You assume that car tires are heavier because they are better made. But using stronger material does not necessarily mean a heavier tire.

I just weighed the tires in our shop. Here is what I got.

OEM Kenda 255/50/15 - 21.5 lbs.
General Altimax 215/60/15 - 20.0 lbs.

OEM Kenda 165/55/15 - 16.0 lbs.
Vredestein 165/60/15 - 13.5 lbs.

I'm surprised by the 2.5# difference on the front tires.
 
What's the point of this discussion?:banghead: We choose the products we like for whatever reasons. If Kendas light your fire, enjoy. But why try to convince the rest of us to agree with whatever 'logic' :rolleyes: you dream up.

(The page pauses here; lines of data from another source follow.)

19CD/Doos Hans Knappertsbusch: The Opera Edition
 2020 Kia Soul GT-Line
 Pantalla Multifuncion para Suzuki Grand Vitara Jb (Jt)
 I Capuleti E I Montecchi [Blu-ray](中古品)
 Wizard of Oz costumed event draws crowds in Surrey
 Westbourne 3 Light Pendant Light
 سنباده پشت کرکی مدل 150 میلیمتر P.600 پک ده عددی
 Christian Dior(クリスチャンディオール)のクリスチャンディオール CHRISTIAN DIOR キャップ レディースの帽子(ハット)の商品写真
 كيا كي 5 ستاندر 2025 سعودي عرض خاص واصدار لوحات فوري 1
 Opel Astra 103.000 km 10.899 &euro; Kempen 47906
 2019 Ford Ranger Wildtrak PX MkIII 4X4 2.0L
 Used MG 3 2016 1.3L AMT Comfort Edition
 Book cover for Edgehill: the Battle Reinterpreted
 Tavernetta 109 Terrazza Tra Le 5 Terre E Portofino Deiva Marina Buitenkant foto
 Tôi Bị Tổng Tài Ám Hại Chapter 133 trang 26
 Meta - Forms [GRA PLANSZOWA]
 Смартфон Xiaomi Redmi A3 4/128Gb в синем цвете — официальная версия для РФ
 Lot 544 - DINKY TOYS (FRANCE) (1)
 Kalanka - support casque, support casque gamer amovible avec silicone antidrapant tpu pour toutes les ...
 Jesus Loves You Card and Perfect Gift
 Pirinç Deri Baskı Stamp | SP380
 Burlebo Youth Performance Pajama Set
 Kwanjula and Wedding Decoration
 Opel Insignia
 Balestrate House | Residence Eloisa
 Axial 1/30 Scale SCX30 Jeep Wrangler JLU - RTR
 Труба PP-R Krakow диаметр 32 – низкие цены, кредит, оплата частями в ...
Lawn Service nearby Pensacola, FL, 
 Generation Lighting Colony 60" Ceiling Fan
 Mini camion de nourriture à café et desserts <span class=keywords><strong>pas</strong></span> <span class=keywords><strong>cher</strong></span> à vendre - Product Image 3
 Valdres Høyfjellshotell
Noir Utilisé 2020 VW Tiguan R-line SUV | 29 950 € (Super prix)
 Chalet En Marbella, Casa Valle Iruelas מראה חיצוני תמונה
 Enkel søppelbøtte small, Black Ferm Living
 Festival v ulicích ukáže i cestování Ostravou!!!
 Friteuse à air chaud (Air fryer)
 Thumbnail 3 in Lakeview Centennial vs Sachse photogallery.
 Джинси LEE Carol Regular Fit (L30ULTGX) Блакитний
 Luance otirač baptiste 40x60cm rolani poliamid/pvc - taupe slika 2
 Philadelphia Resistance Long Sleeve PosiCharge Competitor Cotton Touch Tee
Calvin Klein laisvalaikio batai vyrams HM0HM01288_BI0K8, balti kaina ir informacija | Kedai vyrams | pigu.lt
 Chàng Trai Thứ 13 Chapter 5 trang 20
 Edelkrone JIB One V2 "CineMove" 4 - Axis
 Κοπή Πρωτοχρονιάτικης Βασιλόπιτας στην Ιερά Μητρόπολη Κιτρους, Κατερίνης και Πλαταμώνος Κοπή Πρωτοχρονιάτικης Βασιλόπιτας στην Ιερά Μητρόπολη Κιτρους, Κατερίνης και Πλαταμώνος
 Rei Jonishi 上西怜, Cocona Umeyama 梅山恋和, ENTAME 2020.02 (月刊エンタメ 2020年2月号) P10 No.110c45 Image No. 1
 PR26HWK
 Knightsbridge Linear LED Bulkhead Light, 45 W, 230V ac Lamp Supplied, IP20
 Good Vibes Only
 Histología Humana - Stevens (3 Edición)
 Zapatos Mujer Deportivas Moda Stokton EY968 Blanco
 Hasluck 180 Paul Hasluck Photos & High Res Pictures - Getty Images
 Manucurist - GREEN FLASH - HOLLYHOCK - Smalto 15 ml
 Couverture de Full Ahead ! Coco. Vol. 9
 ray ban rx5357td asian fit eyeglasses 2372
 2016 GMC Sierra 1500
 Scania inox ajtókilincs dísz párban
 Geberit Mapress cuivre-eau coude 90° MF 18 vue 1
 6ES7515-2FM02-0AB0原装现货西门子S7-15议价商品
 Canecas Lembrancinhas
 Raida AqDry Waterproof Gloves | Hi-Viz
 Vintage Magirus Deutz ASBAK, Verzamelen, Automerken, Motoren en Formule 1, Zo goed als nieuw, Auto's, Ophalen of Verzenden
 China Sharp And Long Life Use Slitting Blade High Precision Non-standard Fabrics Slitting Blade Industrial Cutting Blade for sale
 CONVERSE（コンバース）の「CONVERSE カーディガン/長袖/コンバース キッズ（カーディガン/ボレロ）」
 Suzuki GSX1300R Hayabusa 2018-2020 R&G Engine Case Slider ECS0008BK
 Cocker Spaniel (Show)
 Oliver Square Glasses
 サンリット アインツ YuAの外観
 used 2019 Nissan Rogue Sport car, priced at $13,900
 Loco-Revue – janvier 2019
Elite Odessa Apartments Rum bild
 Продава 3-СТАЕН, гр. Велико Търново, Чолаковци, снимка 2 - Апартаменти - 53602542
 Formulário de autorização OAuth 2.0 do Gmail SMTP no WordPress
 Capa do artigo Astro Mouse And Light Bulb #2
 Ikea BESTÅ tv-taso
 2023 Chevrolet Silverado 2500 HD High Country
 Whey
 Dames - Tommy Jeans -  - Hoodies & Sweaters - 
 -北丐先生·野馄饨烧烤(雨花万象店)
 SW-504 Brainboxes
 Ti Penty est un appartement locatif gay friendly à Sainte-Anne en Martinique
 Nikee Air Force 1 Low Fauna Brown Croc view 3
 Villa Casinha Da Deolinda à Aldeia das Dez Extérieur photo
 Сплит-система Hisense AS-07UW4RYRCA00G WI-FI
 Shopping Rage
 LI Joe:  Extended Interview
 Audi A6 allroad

Personally, I switched out the Kendas very soon after finding they didn't handle well with my style of riding. You do you and please stop 'selling'. :pray:
 
Pretty sure kenda designed the tire by brp specs and needs. Thats why you can't find a specific replacement.kenda QC is another conversation.
 
Just weighed a new set of Kanines I have waiting to be fitted to wife's bike for everyone's info. Fronts are 13.9lb each rear 21.6lb. So same amount of material as a car tyre. No skimping there then.
Reason I'm sticking to my guns on this is yeah, sure, we get a few complaints here about the Kendas, I get that, but for every complaint there must be thousands of happy campers with no gripes. I get the quality control might have been hit and miss and may still be, but if you get a bad one take it back and ask for another, same as with anything.
But I'll die if I use them.... Compare the odds to eating bacon. :dontknow:
My experience with the stock Kendas has been nothing but positive with dry grip and braking (my favorite part about them) awesome - Something I found that was severely lacking with a rear car tyre that was recommended by Australian riders and I put that down to the overly hard compound that simply doesn't suit Spyders. Don't believe everything you read is the lesson there.
I don't know what the UTQG rating is for Kendas but it would be an interesting comparison to car tyres that are being used.
As for the actual materials used in the Kendas v car tyres show me the side by side comparison or it's just guessing it's different.
Finally, I would still rather those deep unused strips of rubber on the rear when I'm down to the wear bars than a shallower tread depth car tyre that's seen too many seasons cause it won't wear out, has hardened up even further, and is only serving the purpose of saving money v providing grip, real grip!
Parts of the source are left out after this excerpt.